■ Work instruction:
Transcribe everything in the listing as written, and let no image into the copy.

■ Entries provided:
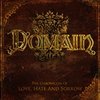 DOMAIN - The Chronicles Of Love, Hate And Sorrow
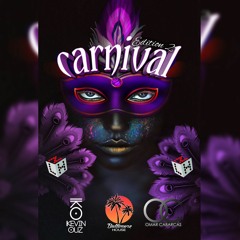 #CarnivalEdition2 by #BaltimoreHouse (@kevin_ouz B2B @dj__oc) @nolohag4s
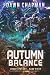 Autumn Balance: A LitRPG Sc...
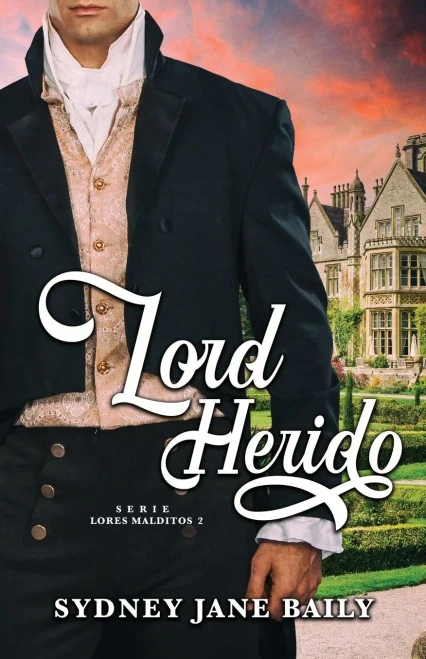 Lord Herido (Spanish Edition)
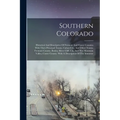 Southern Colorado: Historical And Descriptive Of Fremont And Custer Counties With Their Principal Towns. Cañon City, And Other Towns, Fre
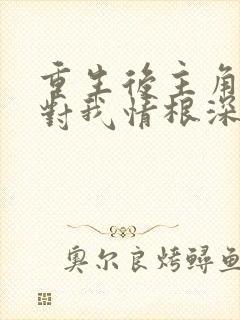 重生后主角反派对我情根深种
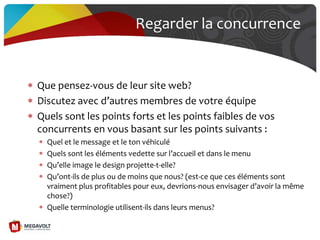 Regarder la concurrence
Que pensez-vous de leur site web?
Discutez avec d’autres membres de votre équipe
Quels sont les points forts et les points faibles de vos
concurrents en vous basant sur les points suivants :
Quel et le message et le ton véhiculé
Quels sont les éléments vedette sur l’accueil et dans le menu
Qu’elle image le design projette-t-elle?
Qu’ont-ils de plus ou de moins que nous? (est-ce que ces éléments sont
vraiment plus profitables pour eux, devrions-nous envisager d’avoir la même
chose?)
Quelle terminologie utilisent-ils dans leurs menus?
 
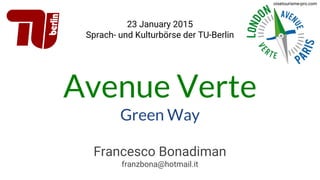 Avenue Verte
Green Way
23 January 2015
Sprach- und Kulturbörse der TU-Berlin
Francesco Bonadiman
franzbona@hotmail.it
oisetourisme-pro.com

■ Answer:
 DOMAIN - The Chronicles Of Love, Hate And Sorrow
 #CarnivalEdition2 by #BaltimoreHouse (@kevin_ouz B2B @dj__oc) @nolohag4s
 Autumn Balance: A LitRPG Sc...
 Lord Herido (Spanish Edition)
 Southern Colorado: Historical And Descriptive Of Fremont And Custer Counties With Their Principal Towns. Cañon City, And Other Towns, Fre
 重生后主角反派对我情根深种
 Regarder la concurrence
Que pensez-vous de leur site web?
Discutez avec d’autres membres de votre équipe
Quels sont les points forts et les points faibles de vos
concurrents en vous basant sur les points suivants :
Quel et le message et le ton véhiculé
Quels sont les éléments vedette sur l’accueil et dans le menu
Qu’elle image le design projette-t-elle?
Qu’ont-ils de plus ou de moins que nous? (est-ce que ces éléments sont
vraiment plus profitables pour eux, devrions-nous envisager d’avoir la même
chose?)
Quelle terminologie utilisent-ils dans leurs menus?
 
 Avenue Verte
Green Way
23 January 2015
Sprach- und Kulturbörse der TU-Berlin
Francesco Bonadiman
franzbona@hotmail.it
oisetourisme-pro.com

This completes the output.